Symbolic Cognitive Diagnosis via Hybrid Optimization for Intelligent Education Systems

Authors: Junhao Shen, Hong Qian, Wei Zhang, Aimin Zhou

AAAI 2024 | Conference PDF | Archive PDF | Plain Text | LLM Run Details

Reproducibility Variable Result LLM Response
Research Type Experimental The extensive experimental results on various real-world datasets show the superiority of SCD on both generalization and interpretability. The ablation study verifies the efficacy of each ingredient in SCD, and the case study explicitly showcases how the interpretable ability of SCD works.
Researcher Affiliation Academia Junhao Shen, Hong Qian*, Wei Zhang, Aimin Zhou Shanghai Institute of AI for Education and School of Computer Science and Technology, East China Normal University, Shanghai 20062, China shenjh@stu.ecnu.edu.cn, {hqian, amzhou}@cs.ecnu.edu.cn, zhangwei.thu2011@gmail.com
Pseudocode Yes Algorithm 1 shows the implementation of SCDM.

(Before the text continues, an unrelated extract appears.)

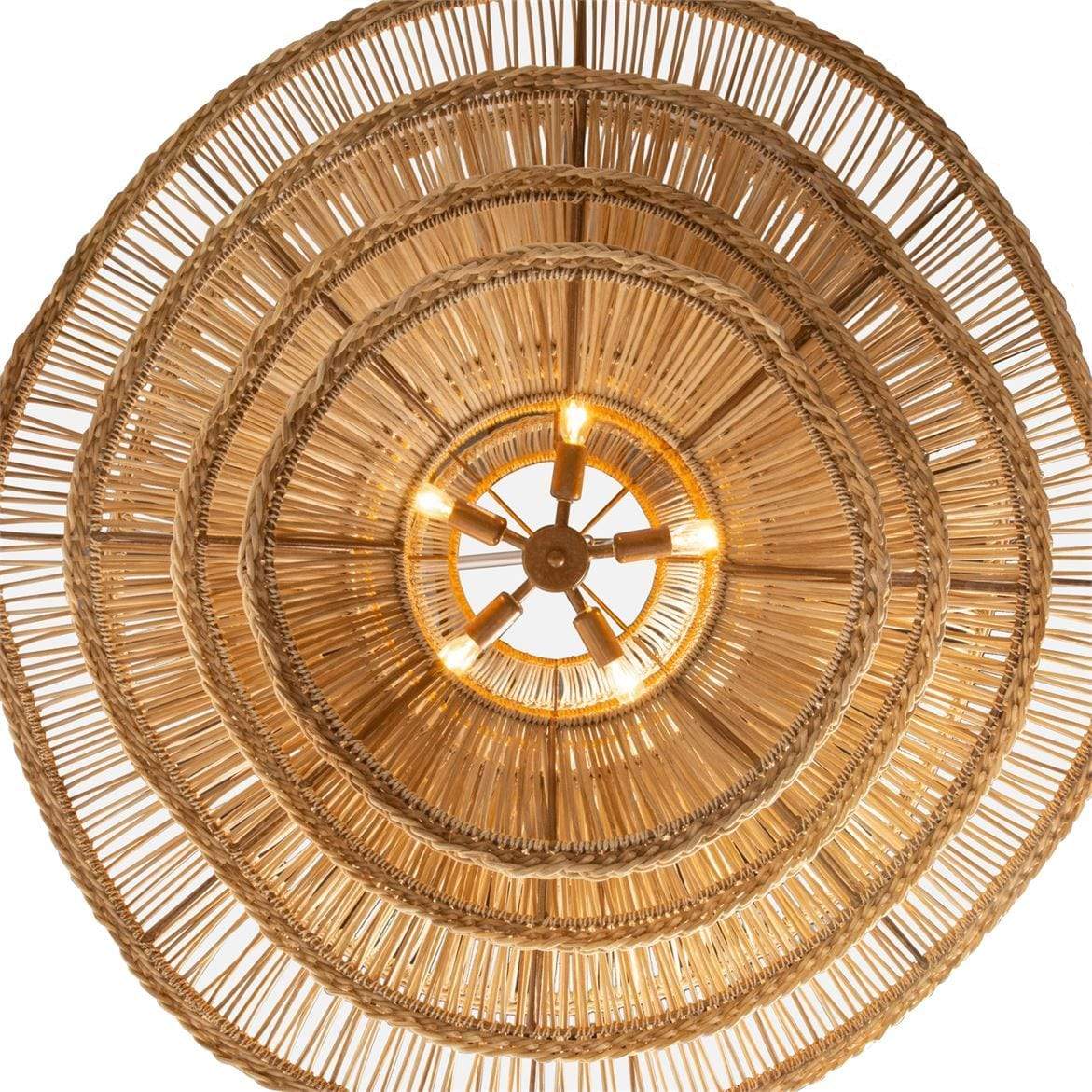 Alondra Rattan Wave Pendant Extra Large Shade Light Effect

Open Source Code Yes The source code of SCDM is available at Git Hub1.
Open Datasets Yes The experiments are conducted on four real-world datasets, i.e., Math1, Math2 (Liu et al. 2018), Frac Sub (Wu et al. 2015) and Neur IPS20 (Wang et al. 2020b).
Dataset Splits No The paper states: "The size of test dataset is 0.2", indicating a 20% test split. However, it does not explicitly specify the division of the remaining 80% into training and validation sets, or mention k-fold cross-validation, which would provide the full dataset split information.

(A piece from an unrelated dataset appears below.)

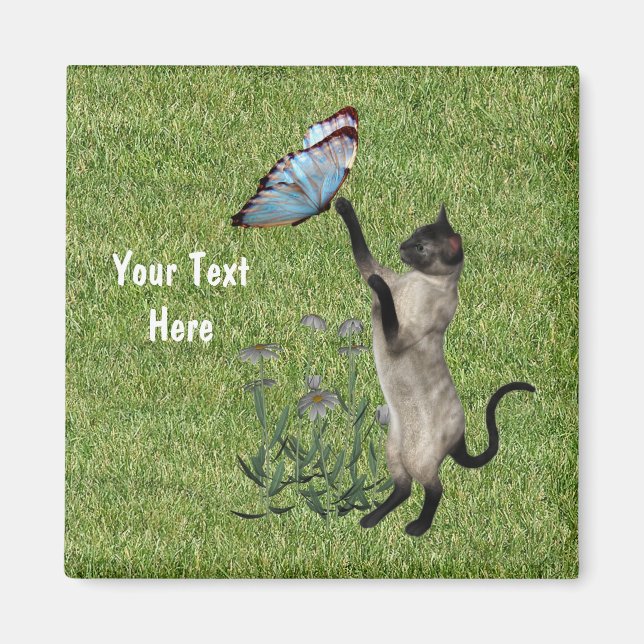 Aimant De Chat Et Papillon Siamois (Devant)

Hardware Specification No The paper mentions the use of specific software frameworks like PyTorch and optimizers like Adam, but it does not provide any concrete details about the hardware used (e.g., specific GPU models, CPU types, or memory).
Software Dependencies No The paper mentions "DEAP (De Rainville et al. 2012)" and "Pytorch (Paszke et al. 2019)" as implemented software. While it cites the papers for these tools, it does not provide specific version numbers for these software components, which is required for reproducibility.
Experiment Setup Yes In the GP module implemented by DEAP (De Rainville et al. 2012), the population size V is 200, the number of generation TGP is 10, the crossover and mutation rates are 0.5 and 0.1 respectively, the initial tree depth is 5, and the selection method is tournament selection. ... In the continuous optimization module implemented by Pytorch (Paszke et al. 2019), we set the learning rate of Adam (Kingma and Ba 2015) to be 0.002, and initialize the feature parameters in the interaction function with Xavier normal initialization (Glorot and Bengio 2010).